Sur les vastes territoires arides de la ville de Redayef au Sud-Ouest de la Tunisie, s’est aventurée la réalisatrice Chiraz Bouzidi pour filmer dans de vues aériennes des scènes de son documentaire “Majadhib”, produit en 2018.

Après deux premières projections à la section “Regards sur le cinéma Tunisien” des Journées Cinématographiques de Carthage (JCC) 2018, ce documentaire a été présenté, mardi soir, en avant-première à la Cinémathèque tunisienne, dans le cadre des mardis du cinéma tunisien.

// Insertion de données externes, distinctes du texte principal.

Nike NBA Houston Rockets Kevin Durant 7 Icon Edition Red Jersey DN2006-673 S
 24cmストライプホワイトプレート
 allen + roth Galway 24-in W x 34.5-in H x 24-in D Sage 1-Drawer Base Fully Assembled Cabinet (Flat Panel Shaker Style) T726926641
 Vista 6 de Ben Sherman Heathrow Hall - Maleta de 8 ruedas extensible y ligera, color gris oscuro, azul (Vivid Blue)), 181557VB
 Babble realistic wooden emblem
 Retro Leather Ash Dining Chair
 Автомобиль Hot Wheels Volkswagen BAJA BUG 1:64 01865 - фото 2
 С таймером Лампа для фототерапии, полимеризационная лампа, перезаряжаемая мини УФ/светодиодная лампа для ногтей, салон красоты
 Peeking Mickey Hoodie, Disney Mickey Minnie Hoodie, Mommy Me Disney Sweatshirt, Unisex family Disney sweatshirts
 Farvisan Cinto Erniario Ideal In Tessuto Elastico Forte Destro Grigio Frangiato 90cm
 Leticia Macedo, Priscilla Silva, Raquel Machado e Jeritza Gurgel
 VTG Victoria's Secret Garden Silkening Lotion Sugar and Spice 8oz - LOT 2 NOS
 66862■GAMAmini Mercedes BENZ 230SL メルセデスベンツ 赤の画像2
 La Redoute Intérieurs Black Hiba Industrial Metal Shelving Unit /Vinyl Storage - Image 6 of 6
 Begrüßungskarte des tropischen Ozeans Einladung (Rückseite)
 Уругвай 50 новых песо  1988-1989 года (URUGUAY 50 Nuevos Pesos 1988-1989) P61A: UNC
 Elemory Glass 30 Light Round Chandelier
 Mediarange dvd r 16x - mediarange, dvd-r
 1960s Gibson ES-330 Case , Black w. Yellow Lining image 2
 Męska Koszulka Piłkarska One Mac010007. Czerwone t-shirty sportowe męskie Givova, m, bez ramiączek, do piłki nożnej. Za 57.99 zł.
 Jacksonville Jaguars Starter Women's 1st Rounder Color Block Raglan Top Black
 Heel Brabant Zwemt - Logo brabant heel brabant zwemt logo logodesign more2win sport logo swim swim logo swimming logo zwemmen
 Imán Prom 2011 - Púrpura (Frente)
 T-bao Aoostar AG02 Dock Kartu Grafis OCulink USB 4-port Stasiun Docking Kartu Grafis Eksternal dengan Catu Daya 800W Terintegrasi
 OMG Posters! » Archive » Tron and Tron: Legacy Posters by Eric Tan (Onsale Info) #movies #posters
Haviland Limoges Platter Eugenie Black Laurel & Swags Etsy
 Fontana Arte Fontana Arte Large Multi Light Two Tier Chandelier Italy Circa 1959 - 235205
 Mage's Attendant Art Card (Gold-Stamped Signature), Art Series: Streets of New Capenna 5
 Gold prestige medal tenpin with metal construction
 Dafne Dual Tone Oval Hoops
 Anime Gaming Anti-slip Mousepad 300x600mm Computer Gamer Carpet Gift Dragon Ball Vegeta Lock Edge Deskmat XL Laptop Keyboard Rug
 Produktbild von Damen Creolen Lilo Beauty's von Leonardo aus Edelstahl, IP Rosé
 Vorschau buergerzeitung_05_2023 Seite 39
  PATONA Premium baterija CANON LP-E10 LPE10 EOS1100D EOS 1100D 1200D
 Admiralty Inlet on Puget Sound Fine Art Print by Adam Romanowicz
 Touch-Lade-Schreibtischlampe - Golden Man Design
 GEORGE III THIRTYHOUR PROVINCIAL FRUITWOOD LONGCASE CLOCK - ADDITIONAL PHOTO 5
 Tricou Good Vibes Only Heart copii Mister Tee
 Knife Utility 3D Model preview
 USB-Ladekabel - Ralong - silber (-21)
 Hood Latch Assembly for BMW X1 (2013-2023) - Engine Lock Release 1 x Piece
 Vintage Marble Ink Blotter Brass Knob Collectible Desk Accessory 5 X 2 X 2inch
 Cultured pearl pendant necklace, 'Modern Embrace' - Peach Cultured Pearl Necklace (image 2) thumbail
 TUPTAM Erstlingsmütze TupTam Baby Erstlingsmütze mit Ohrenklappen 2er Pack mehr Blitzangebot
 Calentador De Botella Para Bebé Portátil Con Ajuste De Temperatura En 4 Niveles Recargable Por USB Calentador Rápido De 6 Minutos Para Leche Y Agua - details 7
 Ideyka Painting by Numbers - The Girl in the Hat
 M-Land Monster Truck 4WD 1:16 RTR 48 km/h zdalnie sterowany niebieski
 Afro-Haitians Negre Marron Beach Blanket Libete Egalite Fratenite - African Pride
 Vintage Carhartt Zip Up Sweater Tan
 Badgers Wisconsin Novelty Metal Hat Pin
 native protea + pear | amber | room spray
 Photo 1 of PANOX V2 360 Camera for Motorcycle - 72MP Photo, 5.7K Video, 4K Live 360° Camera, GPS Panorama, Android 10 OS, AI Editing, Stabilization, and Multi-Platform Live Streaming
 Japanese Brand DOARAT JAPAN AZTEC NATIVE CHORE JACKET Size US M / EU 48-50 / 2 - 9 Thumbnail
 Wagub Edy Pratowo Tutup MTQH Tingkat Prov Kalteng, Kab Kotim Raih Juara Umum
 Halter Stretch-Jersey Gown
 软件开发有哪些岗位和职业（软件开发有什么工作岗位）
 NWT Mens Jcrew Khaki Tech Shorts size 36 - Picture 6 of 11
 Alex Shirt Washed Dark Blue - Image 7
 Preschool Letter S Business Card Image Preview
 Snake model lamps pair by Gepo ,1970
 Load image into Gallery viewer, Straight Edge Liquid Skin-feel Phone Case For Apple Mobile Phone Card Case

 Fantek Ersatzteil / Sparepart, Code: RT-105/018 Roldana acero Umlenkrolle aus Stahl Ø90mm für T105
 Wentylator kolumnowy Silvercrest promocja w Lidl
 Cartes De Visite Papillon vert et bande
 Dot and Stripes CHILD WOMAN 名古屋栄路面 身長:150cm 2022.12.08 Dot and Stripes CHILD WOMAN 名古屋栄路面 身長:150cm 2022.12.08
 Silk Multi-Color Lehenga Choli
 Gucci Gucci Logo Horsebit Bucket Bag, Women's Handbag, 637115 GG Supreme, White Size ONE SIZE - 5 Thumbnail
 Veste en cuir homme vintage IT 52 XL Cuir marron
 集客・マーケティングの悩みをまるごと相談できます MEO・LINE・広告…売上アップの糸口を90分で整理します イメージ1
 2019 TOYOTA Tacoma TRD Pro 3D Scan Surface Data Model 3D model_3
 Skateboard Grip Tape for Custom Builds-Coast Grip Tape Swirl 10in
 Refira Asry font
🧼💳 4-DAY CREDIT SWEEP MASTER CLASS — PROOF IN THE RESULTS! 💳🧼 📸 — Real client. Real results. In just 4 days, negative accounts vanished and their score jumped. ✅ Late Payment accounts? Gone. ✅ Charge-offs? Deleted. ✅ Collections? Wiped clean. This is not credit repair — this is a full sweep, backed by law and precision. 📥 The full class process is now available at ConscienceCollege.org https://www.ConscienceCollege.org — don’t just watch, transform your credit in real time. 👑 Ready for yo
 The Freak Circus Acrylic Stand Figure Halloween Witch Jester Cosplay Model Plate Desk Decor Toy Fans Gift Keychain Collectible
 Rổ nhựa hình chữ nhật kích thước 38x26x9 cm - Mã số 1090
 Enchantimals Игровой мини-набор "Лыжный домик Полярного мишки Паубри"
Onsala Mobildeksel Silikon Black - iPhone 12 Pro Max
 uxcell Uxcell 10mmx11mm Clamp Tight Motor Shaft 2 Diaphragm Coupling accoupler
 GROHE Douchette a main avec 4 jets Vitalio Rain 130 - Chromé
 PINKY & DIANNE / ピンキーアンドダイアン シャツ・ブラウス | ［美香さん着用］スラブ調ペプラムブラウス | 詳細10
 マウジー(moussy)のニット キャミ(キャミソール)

Des scènes spectaculaires sur ces territoires du gouvernorat de Gafsa, qui cachent bien une misère, sans fin, d’une population et d’une jeunesse oubliées par le système. Du cœur de la ville de Redayef la réalisatrice entame son périple étalé sur une année.

Des allers-retours sur près de quatre ans ont été faits avant qu’elle puisse entamer le tournage, moyennant un budget qui ne dépasse pas les 120 mille dinars, subvention de l’Etat, dit-elle.

“D’une trentaine d’heures de tournage, la réalisatrice parle d’un montage qui a duré des mois”, et permis de retenir 70 minutes pour une escale, pas sans douleur, dans le vécu des gens de la Tunisie profonde, toujours dans le besoin mais qui continuent à survivre.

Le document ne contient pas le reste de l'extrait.